While this invention has been particularly shown and described with references to preferred embodiments thereof, it will be understood by those skilled in the art that various changes in form and details may be made therein without departing from the spirit and scope of the invention as defined by the appended claims. Those skilled in the art will recognize or be able to ascertain using no more than routine experimentation, many equivalents to the specific embodiments of the invention described specifically herein. Such equivalents are intended to be encompassed in the scope of the claims.

Claims

CLAIMS WE CLAIM:

1. A nucleic acid segment shown in column 7 of the Table, or a portion thereof which includes a polymorphic site, or the complement of the segment or portion thereof.

2. The nucleic acid segment of claim 1 that is DNA.

3. The nucleic acid segment of claim 1 that is RNA.

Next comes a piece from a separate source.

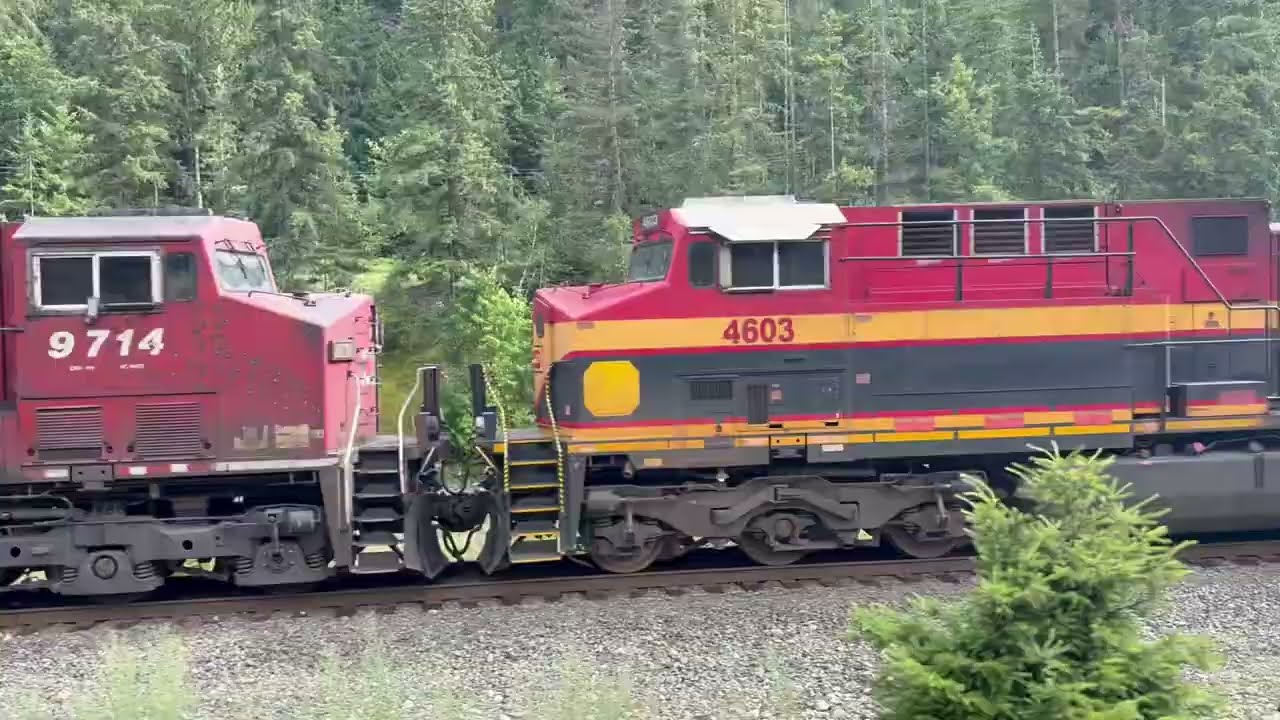 Rocky Mountaineer Railfanning (Pt.1)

4. The segment of claim 1 that is less than 100 bases.

5. The segment of claim 1 that is less than 50 bases.

6. The segment of claim 1 that is less than 20 bases.

7. The segment of claim 1, wherein the polymorphic site is biallelic.

8. The segment of claim 1, wherein the polymorphic form occupying the polymorphic site is the reference base for the fragment listed in the Table, column 3.

9. The segment of claim 1, wherein the polymorphic form occupying the polymorphic site is an alternative form for the fragment listed in the Table, column 4.

10. An allele-specific oligonucleotide that hybridizes to a segment of a fragment shown in the Table, column 7 or its complement.

11. The allele-specific oligonucleotide of claim 10 that is a probe.

12. The allele-specific oligonucleotide of claim 10, wherein a central position of the probe aligns with the polymorphic site of the fragment.

13. The allele-specific oligonucleotide of claim 10 that is a primer.

14. The allele-specific oligonucleotide of claim 13, wherein the 3 ' end of the primer aligns with the polymorphic site of the fragment.

15. The allele-specific oligonucleotide of Claim 10, which is selected from the group consisting of the nucleotide sequences of the Table, column 5.

16. The allele-specific oligonucleotide of Claim 10, which is selected from the group consisting of the nucleotide sequences of the Table, column 6.

17. An isolated nucleic acid comprising a sequence of the Table, column 7 or the complement thereof, wherein the polymorphic site within the sequence or complement is occupied by a base other than the reference base shown in the Table, column 3.

18. A method of analyzing a nucleic acid, comprising obtaining the nucleic acid from an individual; and determining a base occupying any one of the polymorphic sites shown in the Table.

19. The method of claim 18, wherein the determining comprises determining a set of bases occupying a set of the polymorphic sites shown in the Table.

20. The method of claim 18, wherein the nucleic acid is obtained from a plurality of individuals, and a base occupying one of the polymorphic positions is determined in each of the individuals, and the method further comprising testing each individual for the presence of a disease phenotype, and correlating the presence of the disease phenotype with the base.